[[ Record extracts, beginning ]]
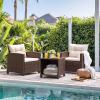 imageDevoko 3 Pieces Patio Furniture Set PE Rattan Wicker Patio Set with Two Outdoor Chairs and Table Upgraded Patio Chairs and Table for Porch Garden Poolside Balcony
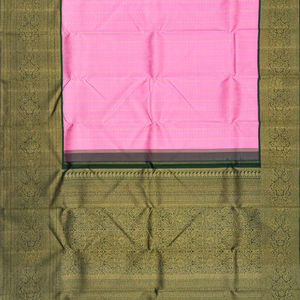 Baby Pink Handloom Kanchipuram Korvai Silk Saree With Green Border-Baby Pink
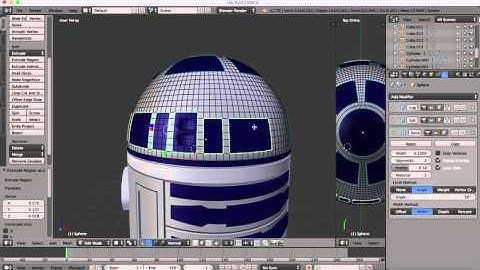 R2-D2 Blender Tutorial - Fixing panel line problems (Part 10)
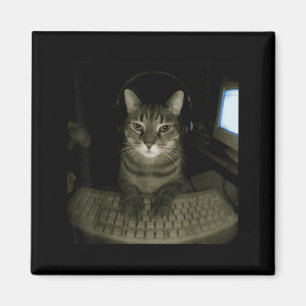 Imã Gato Hacker Meme Engraçado Gato de Computador Gati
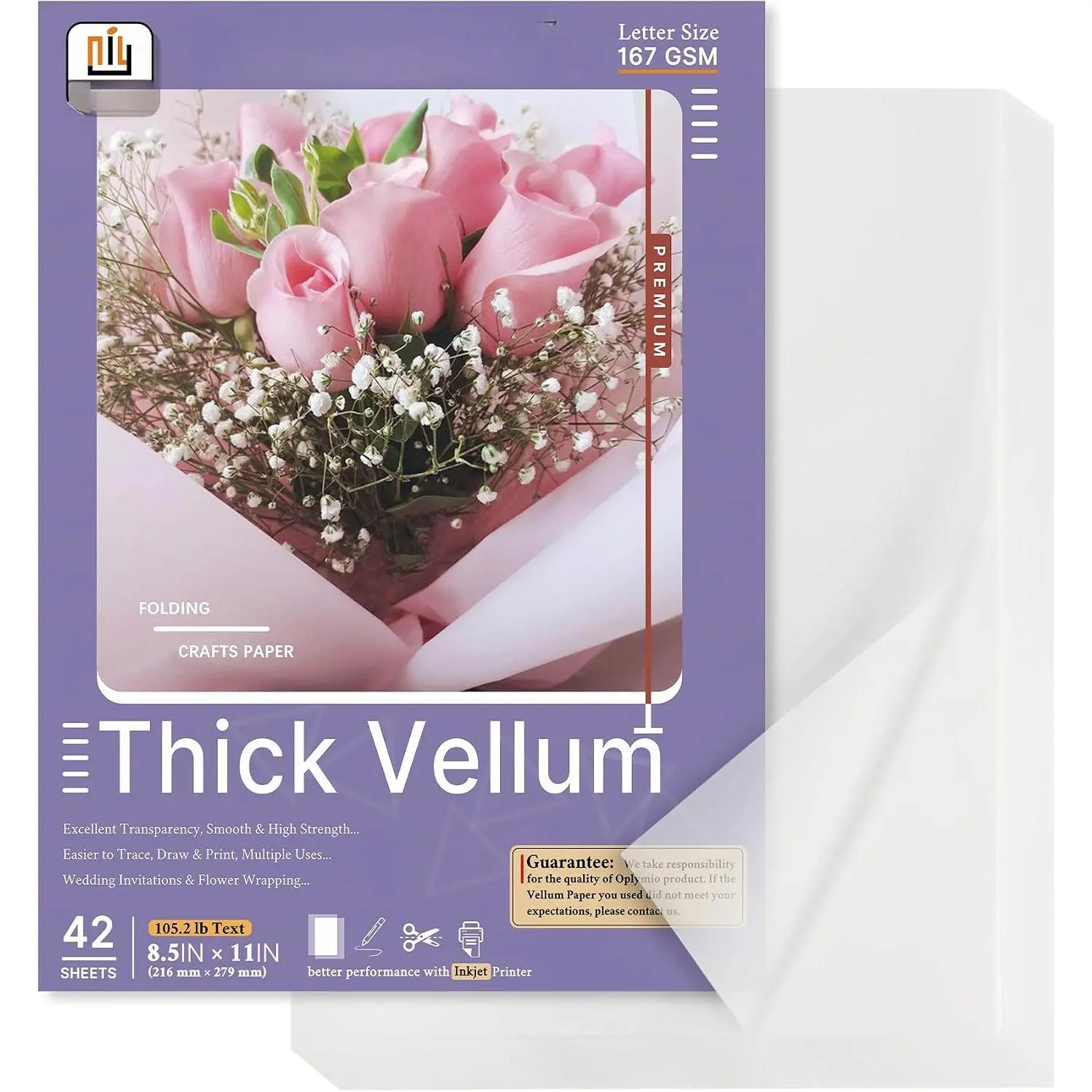 Thick Translucent Printable Vellum Paper 8.5 x 11,  42 Sheets 167GSM | Smooth Heavy Weight Vellum Paper for Invitations, Embossing, Cardmaking, Crafts, Wedding Vellum Jackets, Overlays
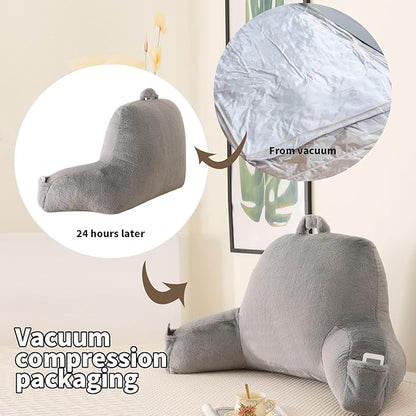 Reading Pillow for Sitting in Bed, Large Backrest Reading Pillow with Arm Rest,Back-Rest Support Cushion for Sit Up on Couch, Sofa, and Floor, Dorm Essentials (Gray Faux Fur, Large(19"))
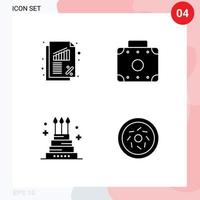 Pictogram Set of Simple Solid Glyphs of banking event rate suitcase holiday Editable Vector Design Elements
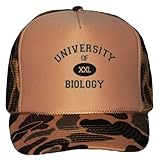 UNIVERSITY OF XXL BIOLOGY Adult Brown Camo Mesh Back Hat / Baseball Cap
[[ Record extracts, end ]]
• Task details
Copy exactly, and only, the lines from the first entry through the line holding "Imã Gato Hacker", both ends included, leaving out every picture.

• Solution to the problem
 imageDevoko 3 Pieces Patio Furniture Set PE Rattan Wicker Patio Set with Two Outdoor Chairs and Table Upgraded Patio Chairs and Table for Porch Garden Poolside Balcony
 Baby Pink Handloom Kanchipuram Korvai Silk Saree With Green Border-Baby Pink
 R2-D2 Blender Tutorial - Fixing panel line problems (Part 10)
 Imã Gato Hacker Meme Engraçado Gato de Computador Gati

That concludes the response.